Recently, FDG PET has been reported to be useful for evaluating the prognoses of breast cancer patients, yielding more accuracy than conventional imaging modalities [1214]. A high maximum standardized uptake value (SUV max) is suggested to be useful in the preoperative evaluation of the patient prognosis, and the findings have also been reported to be more accurate that with other modalities [13, 14]. The purpose this study was to compare the accuracy of FDG PET and MRI for preoperative assessment of the tumor extent of breast cancer and to evaluate the impact of FDG PET on systemic staging and for predicting the prognoses of patients who are candidates for BCT.

Subjects and methods

This study comprised a prospective series of 22 patients with breast cancer who underwent both FDG PET and MRI within 34 days (mean, 10 days).

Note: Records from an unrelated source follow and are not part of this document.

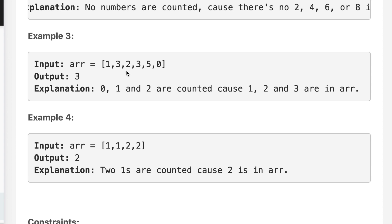If you see example number three, if I add one to one, that will be two, we have two in the array. If I add three plus one, that will be four, we don't have four. If I add two plus one, that will be three, we have three in the array. If I add zero plus one, that will be one, we have one in the array. So in this way we have answer three.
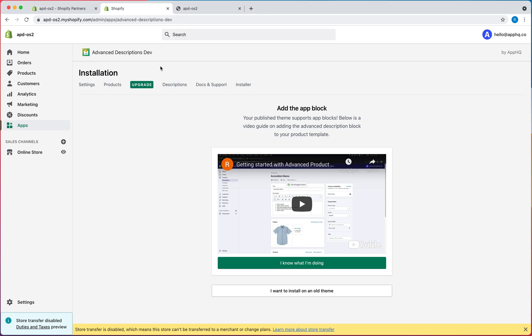Hey there, this is Robert from the Advanced Descriptions app, and in this video, we're going to go over adding the Advanced Description to your product page.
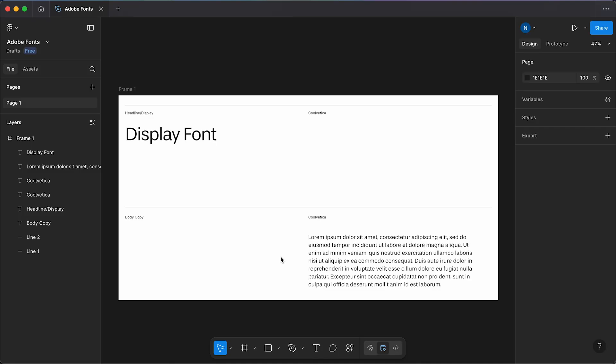Here's a quick tip on how to use Adobe Fonts in Figma. This came up for me the other day when I needed to add a client's brand font into a Figma presentation. It's actually very simple to do. All you need is an Adobe Creative Cloud license and Adobe Fonts.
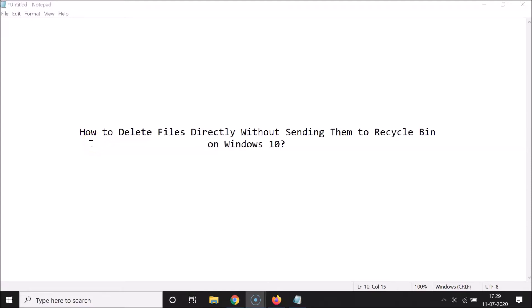Hi guys, in this tutorial I'm going to show you how to delete files directly without sending them to the Recycle Bin on Windows 10. I'm going to show you two methods by which you can do that.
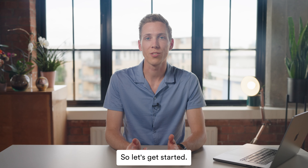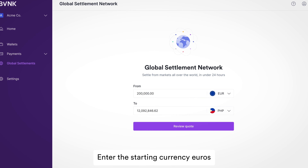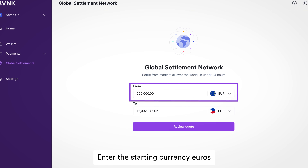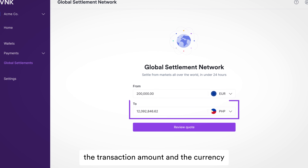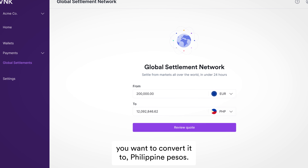Luckily, you have a global payments partner to help move the funds using DLT — and that's us, BB&K. So let's get started.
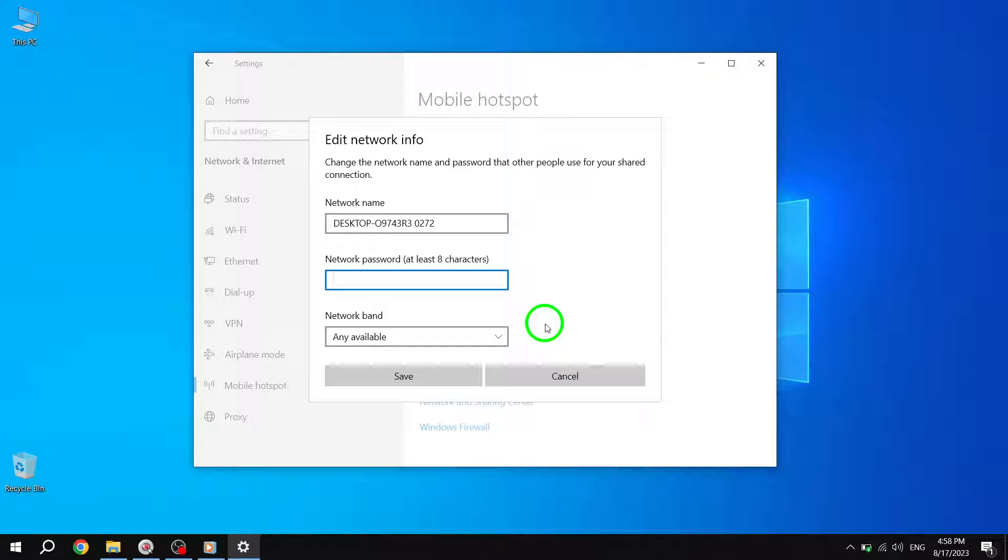Updating your password regularly and using a strong, unique password helps protect your network from unauthorized access. Remember, a secure password is crucial to safeguard your personal information and prevent unauthorized usage of your mobile hotspot.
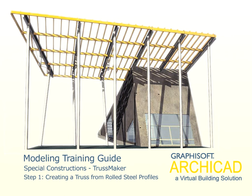Chapter 9, Special Constructions, Truss Maker. Step 1: Creating a Truss from Rolled Steel Profiles.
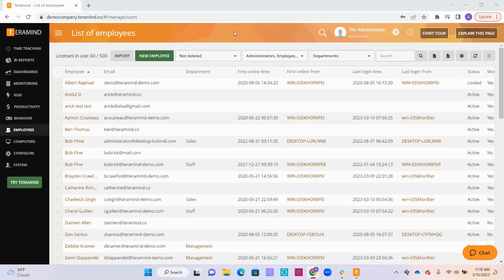Welcome! Today we're going to be talking about TerraMind's Employees page. To start, we're going to add new employees to TerraMind.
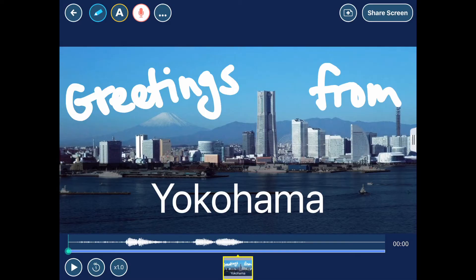This card already has some narration I added. Because of the way the video was recorded, you can't hear the narration, but at the bottom you can see the waveform, so you can know that it does indeed have narration added to it.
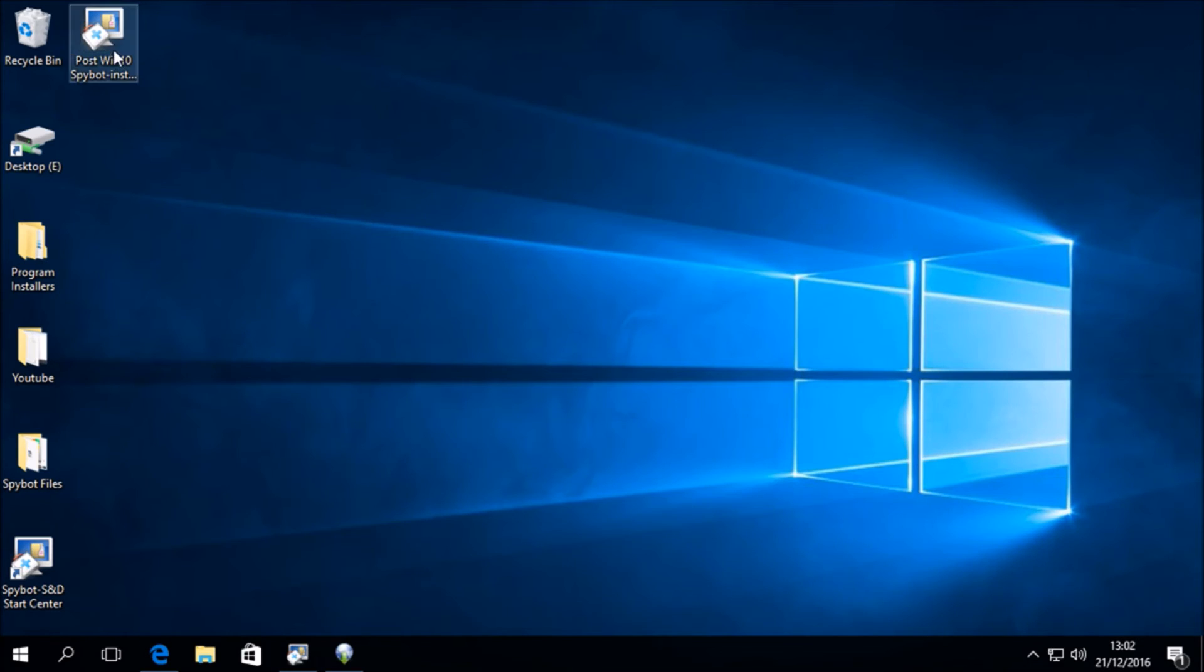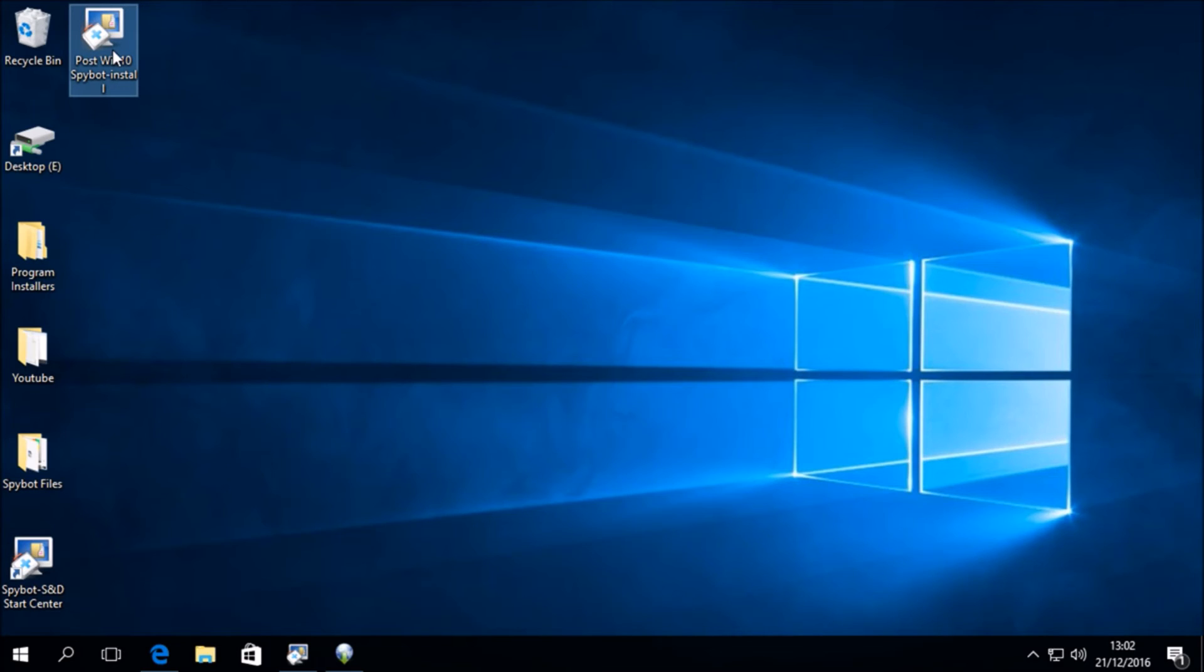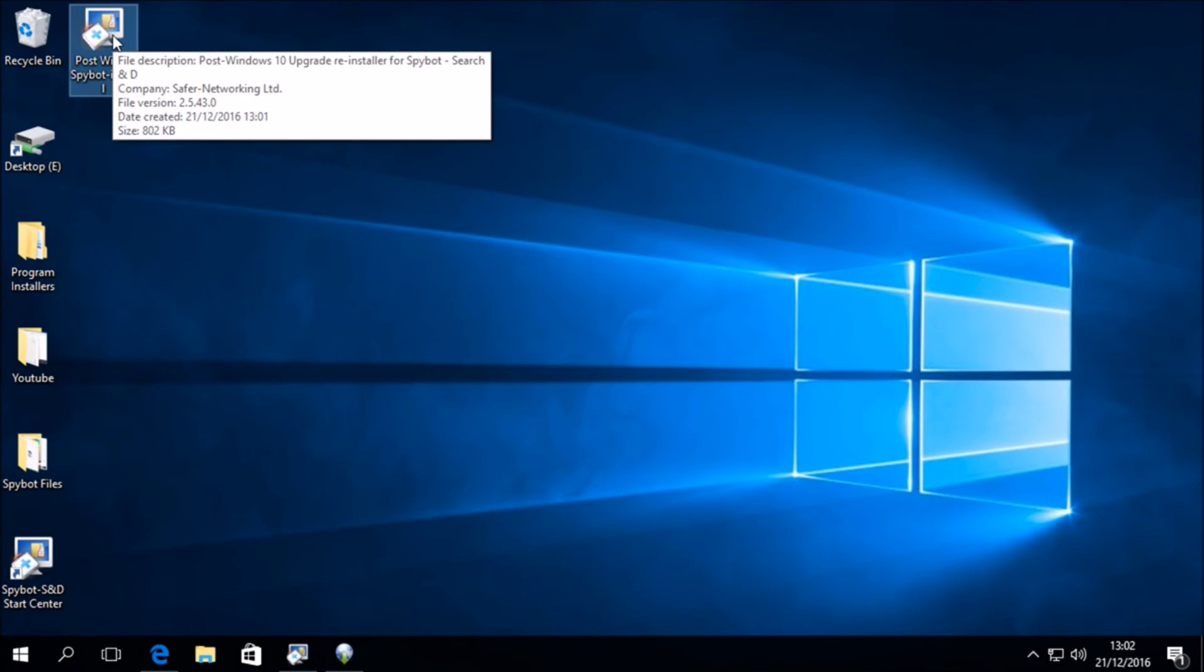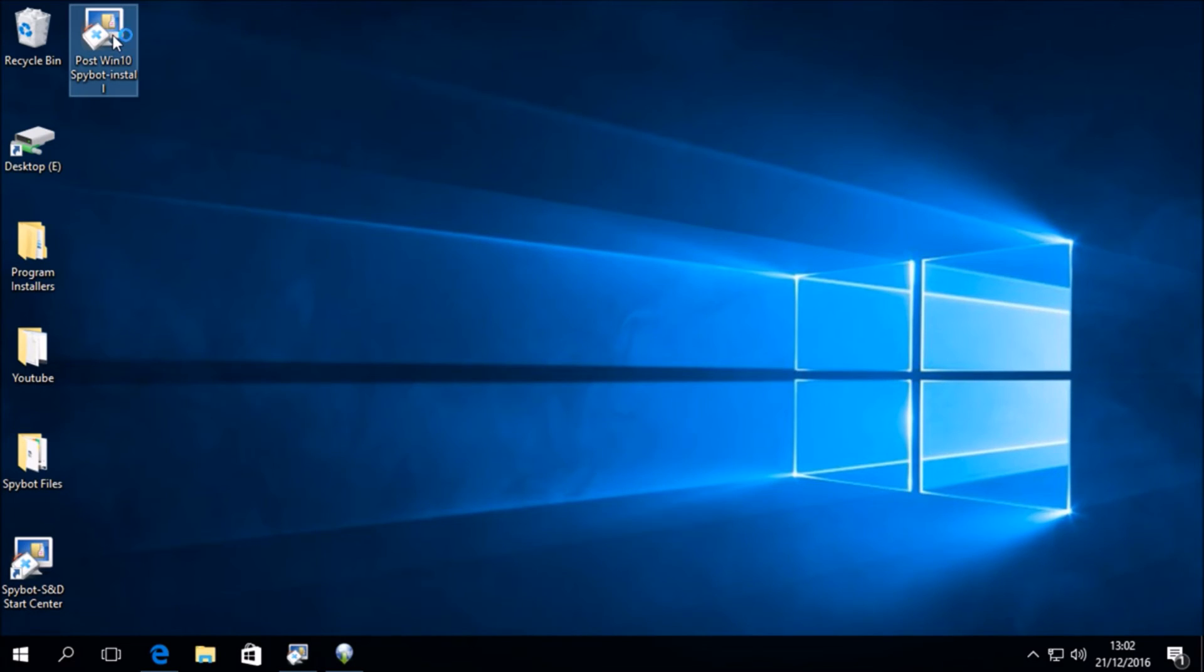We now see if we minimise the start centre that the post win10 spybot install.exe file has appeared on your desktop. This is the file that we are going to use which will enable us to download the spybot 2.5 installer. So double click on the post win10 spybot install.exe file which will allow us to download and install spybot 2.5.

One patient had bilateral breast cancer. Therefore, a total of 23 breasts with histologically proven breast cancer were eligible for this study. Our institutional review board approved the protocol, and written informed consent was obtained from all patients.

FDG PET imaging

FDG PET imaging was performed using a modern PET camera (Advance NXi; GE Medical Systems, Milwaukee, WI, USA). The patients fasted for 4 h before the PET scan. The emission scan was started 60 min after the injection of 220–240 MBq 18F-fluorodeoxyglucose. The FDG PET scans included 6–7 bed positions (5 min acquisition time per position; total acquisition time, 30–35 min) while covering the area from the skull to the proximal femora. The results of post-emission transmission scans were used to correct for attenuation. The standardized uptake values were calculated.

MRI

MRI examinations were performed with the patients in the prone position. The instrument used was a 1.5 T commercially available system (Gyroscan Intera; Philips Medical Systems, Best, The Netherlands) with double breast-surface coils. Our imaging protocol included a localizing sequence followed by sagittal fast-spin echo T2-weighted imaging (TR/TE, 5056/90; ETL, 15; matrix, 158 × 320) with fat suppression (SPIR; spectral presaturation inversion recovery) of the affected breast. Other parameters were: field-of-view, 18 cm; section thickness, 4 mm; interslice gaps, 0.8 mm. This examination was followed by a dynamic study of the affected breast, consisting of serial imaging of a three-dimensional (3D) sagittal turbo-field echo T1-weighted sequence (TR/TE, 11/5.4; flip angle, 20; matrix, 143 × 256) with fat suppression (ProSet; principle of selective excitation technique). The parameters were field-of-view, 18 cm; section thickness, 2 mm; interslice gap, −1 mm. Gadopentetate dimeglumine (Magnevist; Nihon Schering, Osaka, Japan) was administered as a bolus intravenous injection (2 mL/s) at a dose of 0.1 mmol/kg body weight. This was followed by a 20-mL saline solution flush. For dynamic studies, we acquired one pre- and three post-enhancement scans; the scan time was 2 min per scan.

MMG examination

Bilateral digital MMG was performed (Senographe 2000D unit; GE Medical Systems, Milwaukee, WI, USA), including routine craniocaudal and mediolateral oblique views of the breasts and spot-magnification views of the area of the lesion.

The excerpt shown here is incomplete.